Let \(B=\{b_{i,j}\}_{1\leq i\leq d,1\leq j\leq d}\) be a \(d\times d\) matrix, where \(b_{i,j}\) is the weight of the edge \(Z_i\rightarrow Z_j \in \mathbf{E}\), and \(b_{i,j}=0\) otherwise. Then, we say that \(\mathcal{G} =(\mathbf{Z},B)\) is a weighted DAG with the node set \(\mathbf{Z}\) and the weighted adjacency matrix \(B\) (the edge set \(\mathbf{E}\) is nested in \(B\)). Under no unmeasured confounders, the Markov condition, the faithfulness condition, causal sufficiency assumption, and the linear structural equation model (LSEM) such that \(\mathbf{Z}\) characterized by the pair (\(\mathcal{G}\), \(\epsilon\)) is generated by

(10)#\[\begin{equation}\label{lsem_x} \mathbf{Z}=B^\top \mathbf{Z} +\epsilon, \end{equation}\]

where \(\epsilon \) is a random vector of jointly independent error variables. The LSEM model has good interpretation and has been analysised by Zheng et al. (2018) by contrained optimization. When the noise is Gaussian with equal variance, the model is identifiable (Peters and Bühlmann, 2013). In addition, under the linear model with non-Gaussian noise, the model is also identifiable (Shimizu et al., 2006).

Model 2: Generalized LSEM#

To handle complex relationship, a generalized version of LSEM has been studied by Yu et al. (2019) as

(11)#\[\begin{equation} f_2(\mathbf{Z})=B^\top f_2(\mathbf{Z}) +f_1(\epsilon), \end{equation}\]

where the parameterized functions \(f_1\) and \(f_2\) effectively perform (possibly nonlinear) transforms on \(\epsilon\) and \(\mathbf{Z}\), respectively. Here, Model 1 is a special case of Model 2.

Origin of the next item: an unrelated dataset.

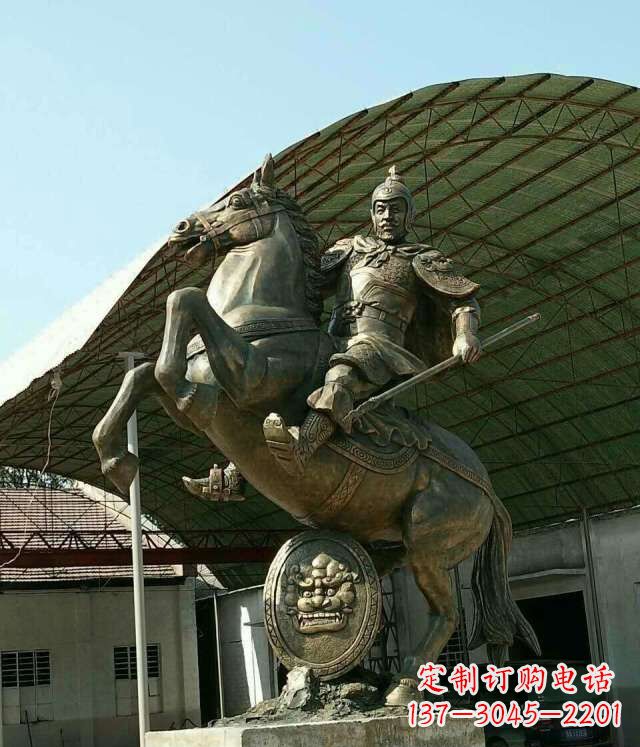 鹤壁中领雕塑,赵子龙龙雕塑,为您臻致高级艺术品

Model 3: Additive Noise Model#

Suppose there exists a weighted DAG \(\mathcal{G}=(\mathbf{Z},\mathbf{E})\) that characterizes the causal relationship among \(|\mathbf{Z}|=d\) nodes. Each variable \(Z_i\) is associated with a node \(i\) in the DAG \(\mathcal{G}\), and the observed value of \(Z_i\) is obtained as a function of its parents in the graph plus an independent additive noise \(n_i\), i.e.,

(12)#\[\begin{equation}\label{anm} Z_i := f_i\{PA_{Z_i} (\mathcal{G})\} + n_i,i = 1,2,...,d, \end{equation}\]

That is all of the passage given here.